Kur, faiz, rekabet: Türk tekstiline üçlü kıskaç

Türkiye ekonomisinin tarihsel lokomotiflerinden tekstil ve hazır giyim sektörü, bir dizi ekonomik baskı nedeniyle “sürdürülemez” bir noktaya geldiğini duyurdu. Sektör temsilcileri, acil devlet desteği olmadan ayakta kalmanın mümkün olmadığı uyarısında bulunuyor.
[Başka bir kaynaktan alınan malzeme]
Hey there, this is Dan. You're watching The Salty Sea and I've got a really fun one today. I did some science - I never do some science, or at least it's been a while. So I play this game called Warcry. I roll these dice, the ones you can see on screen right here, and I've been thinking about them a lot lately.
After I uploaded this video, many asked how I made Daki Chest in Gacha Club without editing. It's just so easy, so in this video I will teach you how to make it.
‘Devlet desteği artık zorunluluk’
Türkiye Giyim Sanayicileri Derneği (TGSD) Başkanı Toygar Narbay, sektörün 1 milyon kişiyi istihdam ettiğini ve 50 milyar dolarlık üretim hacmine sahip olduğunu hatırlatarak, yaşanan krizin sebebi olmadıklarını ancak tek başlarına çıkamayacaklarını vurguladı. Narbay, “Devlet desteği artık bir tercih değil, zorunluluk haline gelmiştir” açıklamasını yaptı.
Üçlü kıskaç
Sektör liderleri, derinleşen krizin arkasında üç temel sorunu işaret ediyor:
Gelir-Gider Dengesizliği (Kur Tuzağı): Maliyetlerin son dönemde en az yüzde 249 artmasına karşın, gelirleri doğrudan etkileyen döviz kurundaki artışın sadeceyüzde %101’de kalması sektörü olumsuz etkiledi. Resmi enflasyon baz alınsa dahi, sektörün dolar bazında yüzde 27 ek maliyet yüklendiği belirtiliyor.
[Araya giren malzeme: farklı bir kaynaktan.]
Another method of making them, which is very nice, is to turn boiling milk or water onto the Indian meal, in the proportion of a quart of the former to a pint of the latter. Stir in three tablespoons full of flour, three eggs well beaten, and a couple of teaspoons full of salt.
Uluslararası Rekabet Kaybı: Bu durum, Türk hazır giyim ürünlerini Uzak Doğu’dan yüzde 60, Kuzey Afrika ülkelerinden yüzde 45 daha pahalı hale getirdi. Rekabet gücü ciddi şekilde zayıfladı.
Döviz Bazında Yüksek Reel Faiz: 2024’te politika faizinin yüzde 50, bileşik faizin yüzde 63.2 olmasına rağmen, döviz sepetindeki artışın yüzde 16’da kalması, döviz bazında yaklaşık yüzde 40.5 reel faiz ödendiği anlamına geliyor. “Bugün hâlâ döviz bazında yüksek faiz vermeye devam ediyoruz” denildi.
Acil çözüm talepleri
Narbay, acilen hayata geçirilmesini istedikleri destek paketini şöyle sıraladı:
Net ihracata yüzde 10 kur dönüşüm desteği.
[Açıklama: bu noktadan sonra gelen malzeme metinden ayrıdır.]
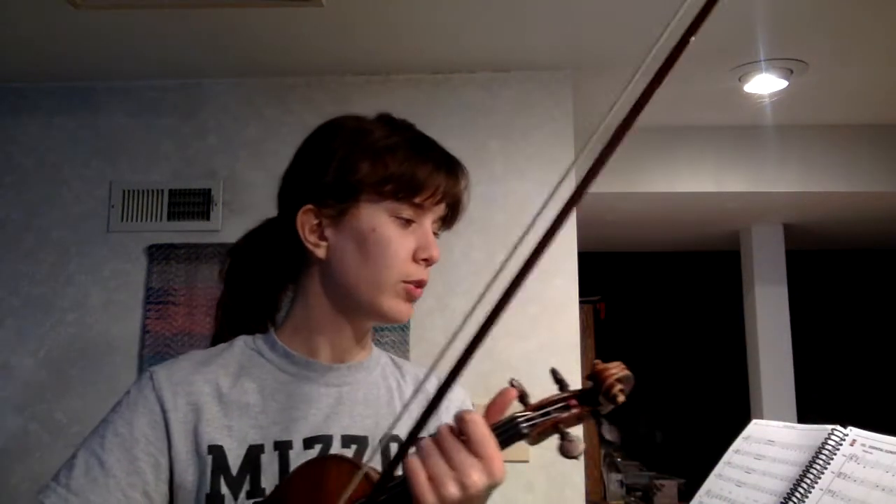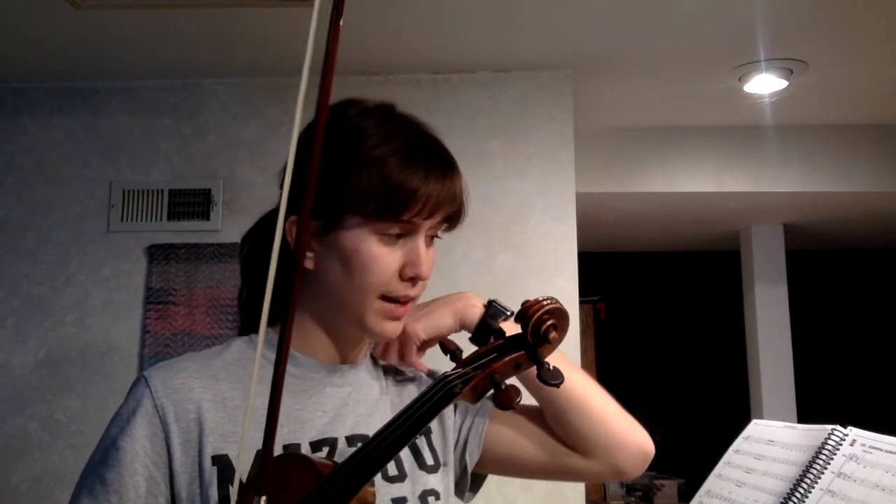The next song we're going to be working on is number 102, This Old Man, and it's on page 27.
Ölçek gözetmeksizin tüm firmalara çalışan başına 2 bin 500 TL destek.
Finansmana erişimde kolaylık ve uzun vadeli krediler.
İstihdam daralıyor, firmalar küçülüyor
Ege Giyim Sanayicileri Derneği Başkanı Yasin Akçakaya, işletme sermayelerinin daraldığını, uzun vadeli kredilere ihtiyaç duyulduğunu belirtti. İstihdamda düşüşün devam ettiğini, reelde “ivmenin aşağıya doğru” olduğunu söyledi. Akçakaya, İzmir’de birçok firmanın küçüldüğünü, köklü firmaların ayakta kalmaya çalıştığını, diğerlerinin ise “canla başla” tutunmaya çabaladığını ifade etti.
Ekonomist Bülent Toptaş, tekstil sektörünün “güçlü bir kıskacın içinde” olduğunu vurguladı:
“Dış rekabet, faiz baskısı ve sabit kurlar” sektörü zorluyor.
İşçilik maliyetlerinin (Mısır gibi ülkelere kıyasla) yüksekliği ek rekabet baskısı yaratıyor.
Enflasyonla mücadele için yüksek faiz politikasının sürdürülmesi, ihracat odaklı sektörleri zor durumda bırakıyor.
Toptaş’ın en çarpıcı uyarısı ise: “Para politikası dışında enflasyonla mücadele edecek başka bir aracımız yok.” Bu durumun, sektörün içinde bulunduğu kıskaçtan çıkışı daha da zorlaştırdığına işaret edildi.